Hacker News new | ask | show | jobs
by dsl 2 hours ago
Heh. I built "Fusion" a few months ago as an MCP using OpenRouter. The idea was to give Claude a "panel of experts" to go talk to when it got stuck.

After extensive testing and benchmarking I discovered that when you ask one model to judge another's response you don't actually get a better answer. You are just asking it "how closely does this resemble the answer you would have given me." Additional rounds and all the "obvious" solutions that pop into your mind reading the proceeding sentence are essentially just cranking up the temperature.

I did find a solution, but it is insanely expensive. Maybe if this gains traction I'll release mine.

4 comments

Prompt matters. Obviously if you want another model opinion you must generate from the scratch using the same prompt and then you can try to synthesize, but working with an existing response can work if desired. I use explicit instructions to find issues with assigned severities and then these are going through the panel of judges, only issues passing certain threshold are fixed in the original response.

I'll share a revelation which vastly improved my results: tell judges to evaluate truth and usefulness/should-be-fixed axis separately. Because inevitably with a prompt that is forcing to find issues you will end up with nitpicks. Plus truth axis allows to better evaluate the issue-finder models for your use case.

That's some part of what happens when I generate explanations like this one: https://hanzirama.com/character/%E6%9D%A5#explain - at this point the site is a small side product of my LLMs-evaluation machinery.

Bonus content for patient readers: if you need top quality you will likely need to pin provider(s) on OR, :exacto is not enough to get good repeatable results especially for open-weights models.

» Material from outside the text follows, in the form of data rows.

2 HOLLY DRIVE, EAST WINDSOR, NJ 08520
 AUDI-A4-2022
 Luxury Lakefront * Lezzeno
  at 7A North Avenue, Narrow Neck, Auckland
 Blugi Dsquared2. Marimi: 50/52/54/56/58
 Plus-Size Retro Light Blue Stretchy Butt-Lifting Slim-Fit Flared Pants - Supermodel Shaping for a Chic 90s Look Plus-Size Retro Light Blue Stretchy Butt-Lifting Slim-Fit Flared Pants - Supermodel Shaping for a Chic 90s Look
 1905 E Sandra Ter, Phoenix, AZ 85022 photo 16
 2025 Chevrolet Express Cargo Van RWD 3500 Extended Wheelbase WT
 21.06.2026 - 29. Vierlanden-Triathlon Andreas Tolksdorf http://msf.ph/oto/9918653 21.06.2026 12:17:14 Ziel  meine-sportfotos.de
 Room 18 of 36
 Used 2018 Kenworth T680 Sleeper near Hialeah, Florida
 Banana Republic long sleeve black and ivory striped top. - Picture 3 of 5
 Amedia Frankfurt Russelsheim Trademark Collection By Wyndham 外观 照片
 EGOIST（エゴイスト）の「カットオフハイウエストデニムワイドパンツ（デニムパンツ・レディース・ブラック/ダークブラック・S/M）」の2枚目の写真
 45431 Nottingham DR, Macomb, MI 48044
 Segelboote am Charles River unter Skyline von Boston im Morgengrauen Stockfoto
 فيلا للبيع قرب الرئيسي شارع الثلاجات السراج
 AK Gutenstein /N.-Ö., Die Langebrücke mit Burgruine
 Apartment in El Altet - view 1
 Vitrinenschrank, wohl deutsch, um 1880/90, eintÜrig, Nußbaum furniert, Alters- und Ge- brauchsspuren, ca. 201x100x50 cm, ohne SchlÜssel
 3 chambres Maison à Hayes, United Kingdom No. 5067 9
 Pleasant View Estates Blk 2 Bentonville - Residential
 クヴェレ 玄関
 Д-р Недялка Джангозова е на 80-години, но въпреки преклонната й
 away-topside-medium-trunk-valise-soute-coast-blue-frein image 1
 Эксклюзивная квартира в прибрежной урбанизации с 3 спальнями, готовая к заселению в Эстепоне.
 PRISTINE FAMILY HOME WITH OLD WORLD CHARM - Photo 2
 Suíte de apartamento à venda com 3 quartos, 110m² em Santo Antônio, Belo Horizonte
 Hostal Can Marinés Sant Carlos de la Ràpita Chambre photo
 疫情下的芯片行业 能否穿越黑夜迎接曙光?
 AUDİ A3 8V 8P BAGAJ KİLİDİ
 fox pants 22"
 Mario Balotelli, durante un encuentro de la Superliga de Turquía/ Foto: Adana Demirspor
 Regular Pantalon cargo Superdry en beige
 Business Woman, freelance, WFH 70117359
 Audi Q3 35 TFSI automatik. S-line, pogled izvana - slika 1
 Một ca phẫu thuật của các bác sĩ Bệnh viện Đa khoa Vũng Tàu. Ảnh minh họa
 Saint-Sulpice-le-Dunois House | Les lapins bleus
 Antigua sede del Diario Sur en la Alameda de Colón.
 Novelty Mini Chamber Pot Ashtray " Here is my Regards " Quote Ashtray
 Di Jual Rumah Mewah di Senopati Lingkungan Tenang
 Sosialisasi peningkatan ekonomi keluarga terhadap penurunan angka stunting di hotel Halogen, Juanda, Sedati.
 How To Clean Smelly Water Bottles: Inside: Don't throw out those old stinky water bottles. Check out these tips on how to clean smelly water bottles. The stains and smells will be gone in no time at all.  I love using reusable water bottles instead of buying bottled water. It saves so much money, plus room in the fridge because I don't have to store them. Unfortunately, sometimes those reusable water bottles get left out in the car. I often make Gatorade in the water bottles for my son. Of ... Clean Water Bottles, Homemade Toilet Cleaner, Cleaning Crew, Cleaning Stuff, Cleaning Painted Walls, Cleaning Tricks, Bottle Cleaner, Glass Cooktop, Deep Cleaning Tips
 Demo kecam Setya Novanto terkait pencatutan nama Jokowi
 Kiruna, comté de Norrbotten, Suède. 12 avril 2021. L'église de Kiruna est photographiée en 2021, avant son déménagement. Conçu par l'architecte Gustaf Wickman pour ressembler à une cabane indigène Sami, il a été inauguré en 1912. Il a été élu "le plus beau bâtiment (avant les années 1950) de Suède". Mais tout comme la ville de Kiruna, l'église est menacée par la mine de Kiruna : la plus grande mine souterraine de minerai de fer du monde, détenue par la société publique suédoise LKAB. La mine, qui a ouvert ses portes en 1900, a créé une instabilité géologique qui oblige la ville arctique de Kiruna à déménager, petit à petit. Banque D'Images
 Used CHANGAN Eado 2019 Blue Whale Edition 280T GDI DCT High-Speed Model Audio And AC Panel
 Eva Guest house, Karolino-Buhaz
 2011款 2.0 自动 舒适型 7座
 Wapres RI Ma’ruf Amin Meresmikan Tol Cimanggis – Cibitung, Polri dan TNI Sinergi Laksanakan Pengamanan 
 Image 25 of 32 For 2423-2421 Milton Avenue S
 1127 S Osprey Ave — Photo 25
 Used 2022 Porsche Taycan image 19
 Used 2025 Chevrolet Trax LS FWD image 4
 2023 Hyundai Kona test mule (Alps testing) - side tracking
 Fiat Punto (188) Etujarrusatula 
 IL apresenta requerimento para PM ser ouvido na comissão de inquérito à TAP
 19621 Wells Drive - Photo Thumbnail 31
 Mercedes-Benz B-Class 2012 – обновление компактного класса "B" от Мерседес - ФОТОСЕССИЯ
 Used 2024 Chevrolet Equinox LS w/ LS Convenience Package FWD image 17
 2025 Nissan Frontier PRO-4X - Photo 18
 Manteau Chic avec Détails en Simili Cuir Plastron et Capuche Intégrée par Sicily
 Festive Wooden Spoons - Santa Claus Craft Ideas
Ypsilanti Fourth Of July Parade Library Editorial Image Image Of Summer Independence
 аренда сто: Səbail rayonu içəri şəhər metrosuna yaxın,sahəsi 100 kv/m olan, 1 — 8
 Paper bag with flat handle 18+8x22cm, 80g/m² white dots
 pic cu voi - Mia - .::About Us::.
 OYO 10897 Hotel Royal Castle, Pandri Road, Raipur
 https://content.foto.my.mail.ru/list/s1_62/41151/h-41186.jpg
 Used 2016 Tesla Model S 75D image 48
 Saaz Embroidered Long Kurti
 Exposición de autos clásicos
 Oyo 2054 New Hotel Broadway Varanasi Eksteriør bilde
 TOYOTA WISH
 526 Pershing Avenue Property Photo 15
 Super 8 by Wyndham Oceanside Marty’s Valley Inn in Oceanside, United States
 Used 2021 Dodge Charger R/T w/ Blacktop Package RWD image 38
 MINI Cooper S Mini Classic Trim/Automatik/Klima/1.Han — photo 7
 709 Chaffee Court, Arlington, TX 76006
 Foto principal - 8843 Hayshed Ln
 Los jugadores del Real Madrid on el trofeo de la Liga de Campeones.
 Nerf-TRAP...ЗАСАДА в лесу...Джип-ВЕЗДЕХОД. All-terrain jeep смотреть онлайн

Yeah, same experience. It turned out that objectively better answers were not that easy to find plus the expense plus it’s slow.
I think it depends.

I regularly ask both GPT and Gemini to give me options - programming libraries to do X, architecture suggestions, names for projects/services/classes

After they answer I ask each model what does it think of the other answer, and to give me a final suggestion considering both answers.

Both GPT and Gemini would frequently say "that other answer is much better than my one, it considered X factor that I missed".

But.. but I told the LLM that it is an _expert_, is that worth nothing??
Make sure to remind it to make no mistakes.